BANJAR,(KP-ONLINE).- Bertambahnya lima anggota DPRD Banjar, dari 25 orang menjadi 30 orang di DPRD Banjar pada periode sekarang ini, seharusnya institusi (DPRD Kota Banjar) semakin bertambah kuat, menjalankan tupoksi sesuai ketentuan yang berlaku.
Kenyataan belum mampu merealisasikan pokir DPRD Banjar. Dia juga melihat, dasar hukumnya yang diatur Pemendagri Nomor 86 tahun 2017, ini lebih bernuansa politis.
Demikian disampaikan nantan Sekda Kota Banjar, H.Yayat Supriyatna.
Menurut Yayat, reses atau perjaringan aspirasi masyarakat kepada wakil rakyat, itu kewajiban yang harus direalisasikan, sesuai sumpah/janji sejak dilantik menjadi anggota DPRD Kota Banjar.
Yayat juga melihat bargaining position DPRD masih lemah dibanding eksekutif. Ada indikasi eksekutif khawatir terganggu kepentingan politiknya di tengah masyarakat.
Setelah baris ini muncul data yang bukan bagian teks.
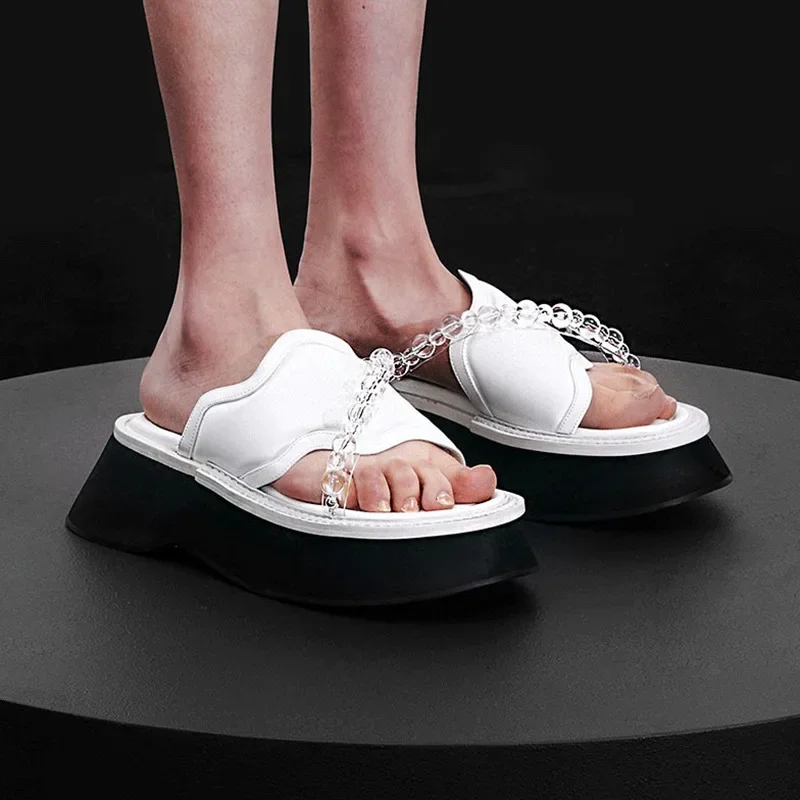 

Transparent Pearl String Thick Bottom Flip-flops Female Summer Outside To Wear 2024 New Increase Fashion Slippers Senior Sense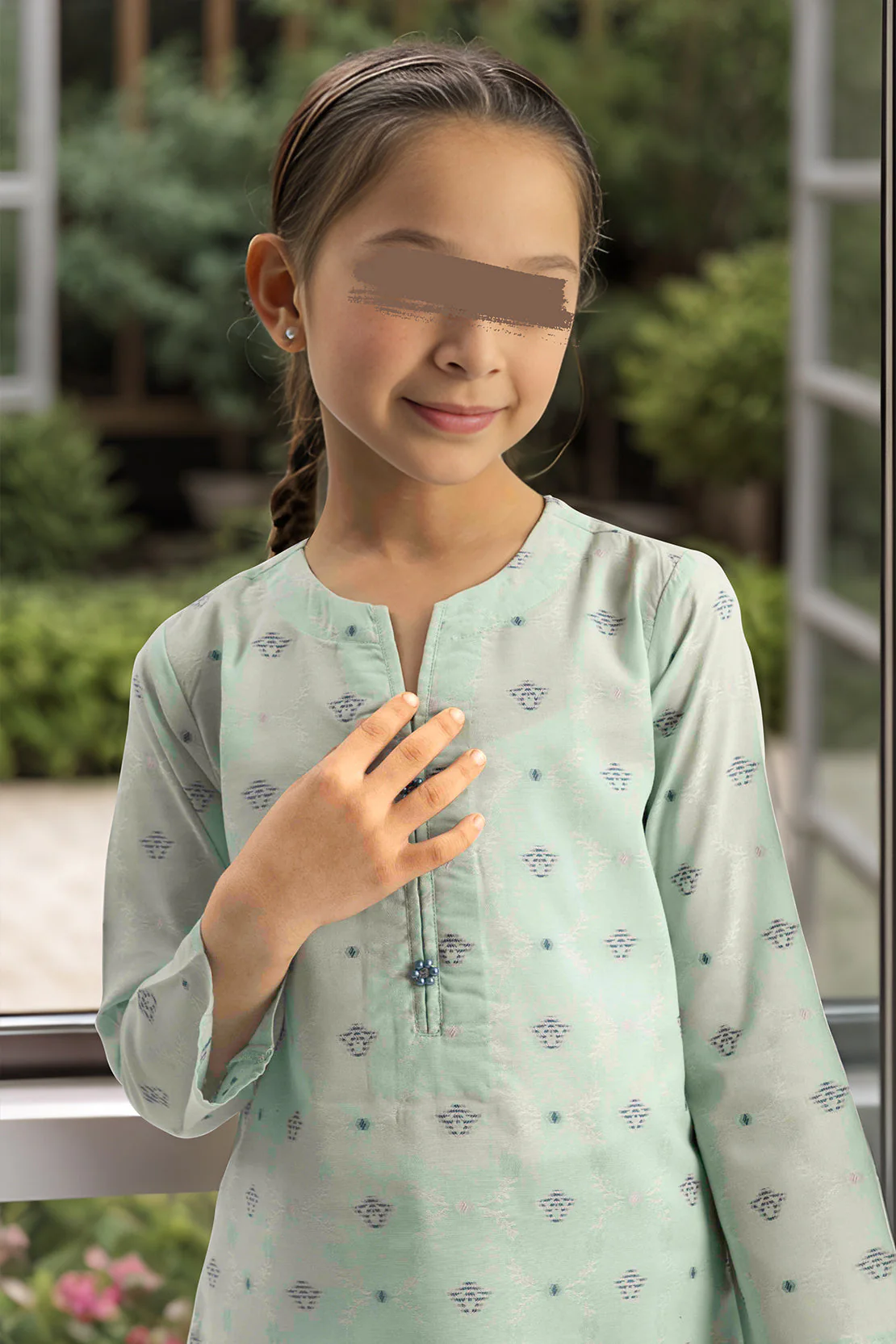 Stitched Cotton Jacquard Shirt/trouser For Kids - Image 2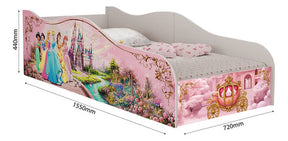 Cama Infantil Juvenil Princesas Rosa Montessori Com Colchão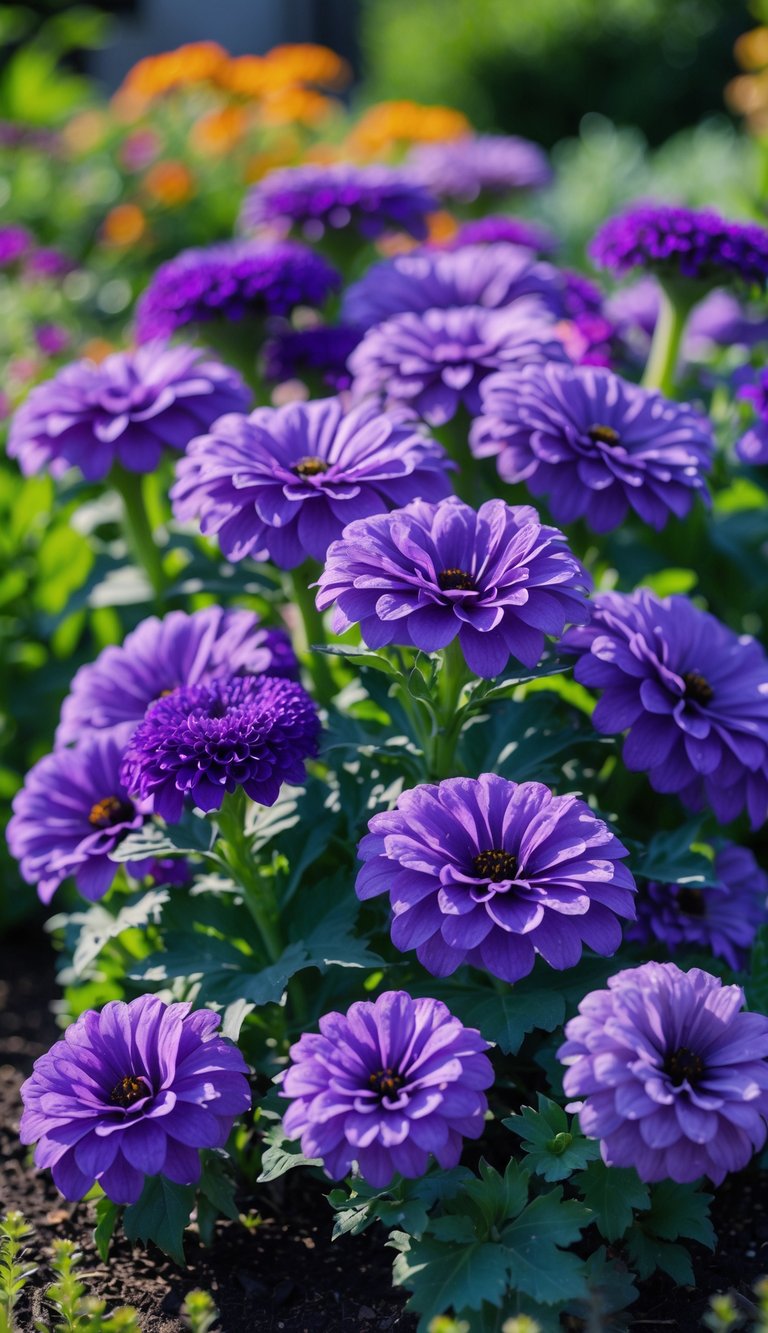 A garden bed filled with large vibrant purple zinnia flowers surrounded by green leaves.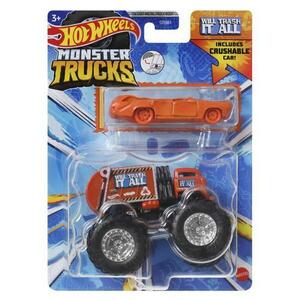 Set 2 masinute Hot Wheels - Monster Truck si masinuta metalica, Will Trash It All imagine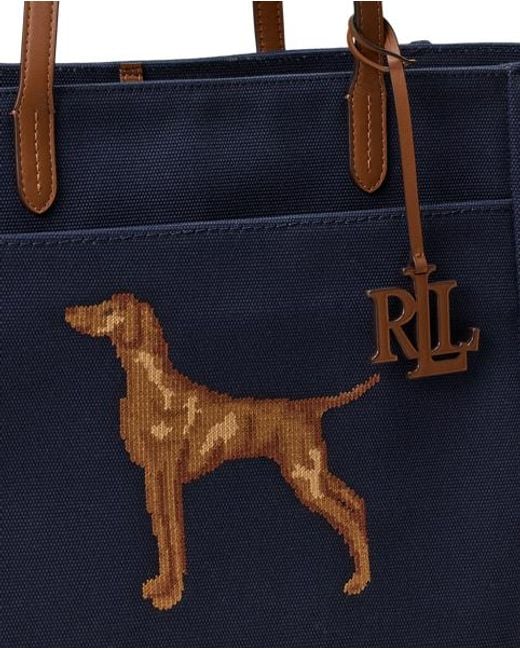Ralph Lauren Blue Dog-Embroidered Large Cameryn Tote Bag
Kelemahan lainnya, dikatakan dia, kian bertambah komplit, akibat kemampuan bargaining personal anggota DPRD dan para Ketua Partai non partai koalisi eksekutif pada Pilwalkot Banjar kurang greget selama ini.
“Terkesan anggota DPRD Banjar sekarang ini sudah “dininabobokan”, melalui seringnya studi banding keluar Kota Banjar. Dimungkinkan saja itu sebagai strategi pengganti pokir atau pokirnya berbentuk sering studi banding itu ? Dunia politik itu serba mungkin dan selalu dinamis ,”ujarnya.
Di tempat terpisah, anggota DPRD Kota Banjar, H.Mujamil, menegaskan, Peraturan Menteri Dalam Negeri RI Nomor 86 tahun 2017 yang didalamnya mengatur Pokir DPRD, itu masih berlaku sampai sekarang ini.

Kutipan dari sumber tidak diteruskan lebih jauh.